In the same year, 1992, he edited As the Twig is Bent. In this volume he spoke of the need to think of blind children, to plan for their future and to help them (and blind adults) gain maturity. The "Editor’s Introduction" and his article, "To Park or Not to Park," contain the following information.

EDITOR’S INTRODUCTION

by Kenneth Jernigan

There is a well known saying that as the twig is bent, so grows the tree.

What is true of plants is also true of people. The poet Wordsworth said, "The child is father of the man." He meant, of course, that our behavior and beliefs as adults are, to a large extent, determined by what happens to us when we are growing up.

This third Kernel Book is largely focused on that theme-what today’s blind children are being taught about themselves and what happened to yesterday’s blind children, those who are today’s adults. As we of the National Federation of the Blind have so often said, the real problem of blindness is not the blindness itself but the mistaken notions and misunderstandings about blindness which are so widely prevalent in society. The first two Kernel Books (What Color is the Sun and The Freedom Bell) also dealt with this theme, but the present volume has a particular emphasis on blind children and what lies ahead for them. Every day all of us are, at least to some degree, bending the twig that will determine the final shape of their lives.

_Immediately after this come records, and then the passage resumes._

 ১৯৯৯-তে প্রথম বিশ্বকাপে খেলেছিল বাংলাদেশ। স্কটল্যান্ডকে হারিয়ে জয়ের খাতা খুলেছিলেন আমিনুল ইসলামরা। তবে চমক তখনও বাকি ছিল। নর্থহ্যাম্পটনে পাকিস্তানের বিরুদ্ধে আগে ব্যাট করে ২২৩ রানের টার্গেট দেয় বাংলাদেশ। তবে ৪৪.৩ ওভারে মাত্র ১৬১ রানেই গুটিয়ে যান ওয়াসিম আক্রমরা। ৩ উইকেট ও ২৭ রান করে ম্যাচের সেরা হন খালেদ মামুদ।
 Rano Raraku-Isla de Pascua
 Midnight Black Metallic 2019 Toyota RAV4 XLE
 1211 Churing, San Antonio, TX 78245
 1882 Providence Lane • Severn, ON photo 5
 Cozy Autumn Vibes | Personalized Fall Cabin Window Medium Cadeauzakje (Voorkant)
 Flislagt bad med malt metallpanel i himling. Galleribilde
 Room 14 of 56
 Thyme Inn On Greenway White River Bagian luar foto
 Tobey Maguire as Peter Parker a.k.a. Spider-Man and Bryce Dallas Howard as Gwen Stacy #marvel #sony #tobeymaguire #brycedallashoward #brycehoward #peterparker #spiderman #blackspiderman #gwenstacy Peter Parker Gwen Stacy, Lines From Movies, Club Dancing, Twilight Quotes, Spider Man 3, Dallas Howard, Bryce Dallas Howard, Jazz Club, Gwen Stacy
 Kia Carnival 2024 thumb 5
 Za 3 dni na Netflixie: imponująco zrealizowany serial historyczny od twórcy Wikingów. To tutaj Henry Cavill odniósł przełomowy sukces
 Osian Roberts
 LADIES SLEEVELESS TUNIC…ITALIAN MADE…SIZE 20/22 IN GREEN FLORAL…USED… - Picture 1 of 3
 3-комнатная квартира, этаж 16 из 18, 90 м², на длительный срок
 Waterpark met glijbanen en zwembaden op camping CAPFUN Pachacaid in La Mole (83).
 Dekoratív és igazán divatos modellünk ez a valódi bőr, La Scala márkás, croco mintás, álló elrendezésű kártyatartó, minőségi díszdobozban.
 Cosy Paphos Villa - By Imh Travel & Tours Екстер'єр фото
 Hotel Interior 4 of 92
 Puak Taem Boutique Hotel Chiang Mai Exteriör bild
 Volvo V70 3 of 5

In this book I have tried to acquaint you with quite a number of blind children and adults, and I have tried to do it at something more than merely the surface level. These are people I know-friends, former students, and colleagues. I think they are people that you, too, will want to know. In the process I hope you will gain an increased understanding of what blind people are like. Mostly we’re just like you. We cry if we have reason to-but not because of blindness. And we laugh if something’s funny-but, again, not because of blindness. Our lives are as varied, as interesting, or as dull as yours. It all depends on how the twig is bent, how the tree grows, and what opportunities and environment we have.

I don’t know how many more Kernel Books we will print, but if this one gets the warm reaction which the first two have received, there will probably be others. Meanwhile the present volume is now being widely distributed, hopefully to do its bit to help improve the climate of public opinion about blindness. Every day we bend the twig.